42. Bölüm "Kırmızılı Kadın"

1.2K 114 54
                                    

- Alexander buraya koruma yapmamış mıydı? Nasıl girdiler hırsızın zihnine?

Tori herkesin salona toplanmasının ardından, kendini sandalyelerden birine bırakmış ve ağırlığını masaya bırakmıştı. Aslında sesi sitemkârdı. Alexander bu tonlamaya da anlam veremediği için cevap vermeden önce gözlerini hafifçe kısarak Şahinci'ye baktı.

- Evet koruma yaptım Tori ama çok fazla rüya büyücüsü varsa benim korumam etkisiz kalmış olmalı.

- Peki etkisiz kalmadığını ne zaman bileceğiz? Onu anlamanın yolu ölmeleri mi?

Bu cümleden sonra salondaki herkes Tori'ye dönmüştü. Alexander yüzüne çıkan utanç sıcaklığını saklamak için cam kenarına doğru geçmişti. Hala Safir'i koruma görevinin monk tarafından halledilmesi gerektiğini düşünüyordu. O zamandan bu yana kız kardeşi hakkında hiç konuşmamışlardı ancak Alexander onun mesafe koymuş olduğunu elbette ki fark etmişti.

- Üzgünüm Tori, haklısın. Her zaman kestiremiyorum.

Monk sakinlikle ve Tori'yi yatıştırmak için yumuşacık konuşmuştu. Ancak gitgide kararan gözleri yüzünden Şahinci'nin de rahatlayacağı yok gibiydi. Şafak, Tori'nin yanına giderken, hırsız da Tori'nin oturduğu yerin yanına oturmuştu. Omzuna elini koyarak konuşmak için sakince seçti kelimeleri.

- Tori, Alexander bizi korumak için sürekli uyanık. O olmasa şimdiye kadar çoktan ölürdük. Ben çocukça davrandım. Çoktan bu büyü olayını kabul edip, bir şeyleri öğrenmem gerekirdi.

Şahinci, hırsızı terslemedi ama yavaşça sandalyesinden kalkarken, Alexander'a bir kez daha bakmadı. İçinde ve aklında neler oluyordu anlamak çok zordu. Monk da bunu anlamlandırabilmek için onun hareketlerini izliyordu ama bu işin Safir'in ölümüne gidiyor olduğunu bildiğinden daha fazla konuşmamasının iyi olacağına karar verdi. Tori salondan çıkarken, bir şey söylemek için yeniden döndü.

- Kimse Safir'i kurtaramadı ama değil mi? Demek ki hepimiz ölmeden buraya kadar gelememişiz.

-Tori!

Onu uyaracak şekilde sertçe çıkışan ve onu susturan Kaşmir olmuştu. Yine de Tori söyleyeceğini söylediğinden salondan çıkınca, geride bıraktığı hissi umursaması gerekmedi. Genelde konuşmayan ya da çok uyumlu olan bir adamın kendini kontrol etmeden konuştuğu zamanlar daha can alıcı olabilirdi.

İçerideki sessizlik önce gergindi. Söylediklerinin hiç birini geride kalanlar düşünmüyordu ancak Alexander zaten baştan beri bu şekilde hissettiğinden durum farklıydı. Bu gerginlik Alexander'ın kalkıp, çıkışa doğru gitmesiyle daha da yükseldi.
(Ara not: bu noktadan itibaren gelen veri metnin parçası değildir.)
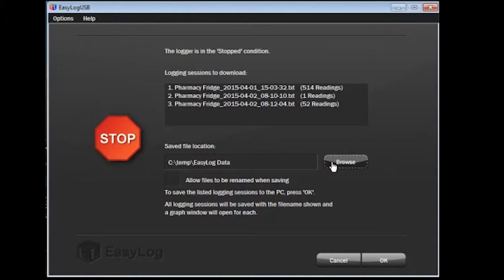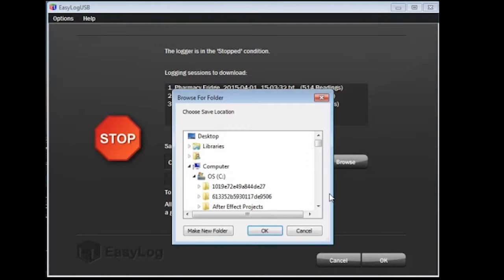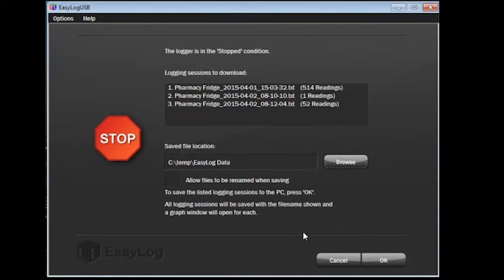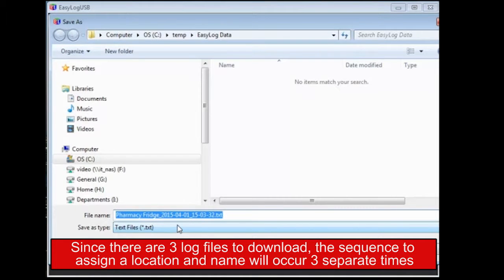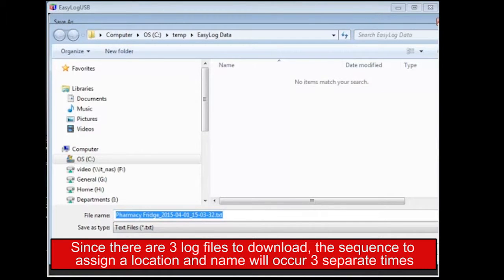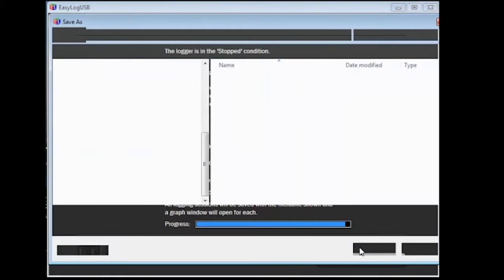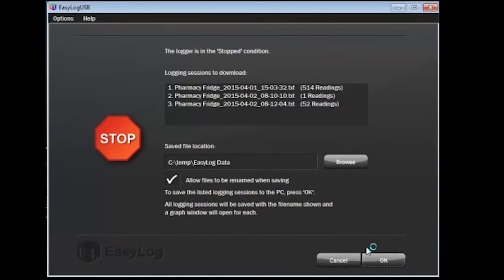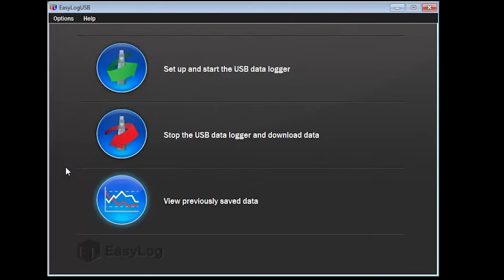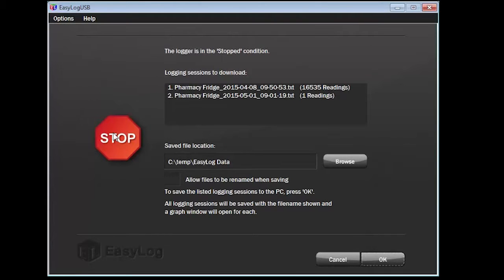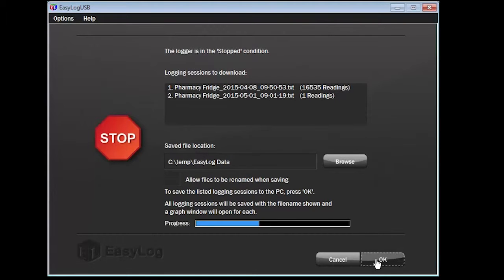Looking further down, you see the location where the logging session records will be downloaded to. Click on Browse and you can select a new location to save. Below that, there is a box you can check to rename the files as they are being saved. I will check the box so you can see what will happen. Click on OK and the Windows Explorer window will appear at the location you wish to save the records. I am going to keep the file name as it is and click Save. Since there are three different logging sessions, I will need to perform this routine for the next two sessions. After saving the third logging session file, the Easy Log Graph will appear after a few seconds.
- Onunla konuşsam iyi olacak. Birazdan büyücü burada olur, o zamana kadar birkaç dakikaya dönerim.

Alexander da kimsenin konuşmasına izin vermeden çıkmıştı. Şafak iç çekerek arkasına yaslandığında kime daha çok kızması gerektiğini anlamaya çalışıyordu. Alexander elinden gelen her şeyi yapıyordu ama Tori de kız kardeşini kaybetmişti. Bu işin içinde bir sürü duygu vardı ki bu karmaşayı daha da içinden çıkılamaz hale getiriyordu. Sessizlik uzadıkça uzuyor, kimse konuşmaya önce başlamak istemiyordu. Hırsız kendini garip bir şekilde suçlu hissettiğini fark etmişti, her şeyin sorumlusu gibiydi. Bir an için cesaret almak için gözleri Kaşmir'le buluşmak istediğinde başını kaldırdı. O da pencerenin yanında, Alexander'ın az önce ayrıldığı koltuğun hemen yanında duvara yaslanmıştı. Sanki aklını okumuş gibi kendine bakarken bulmuştu onu. Buz mavisi gözlerinin içine işleyen keskinliğiyle sakinleşmişti. Ona hafifçe başını sallamıştı. "Senin suçun değil" demesi için bu yetmişti. Konuşmasına bile gerek kalmadan ne hissettiğini anlaması nasıl mümkün oluyordu? Hırsız hafifçe gülümsedi ve iç çekip, kollarını masaya koydu.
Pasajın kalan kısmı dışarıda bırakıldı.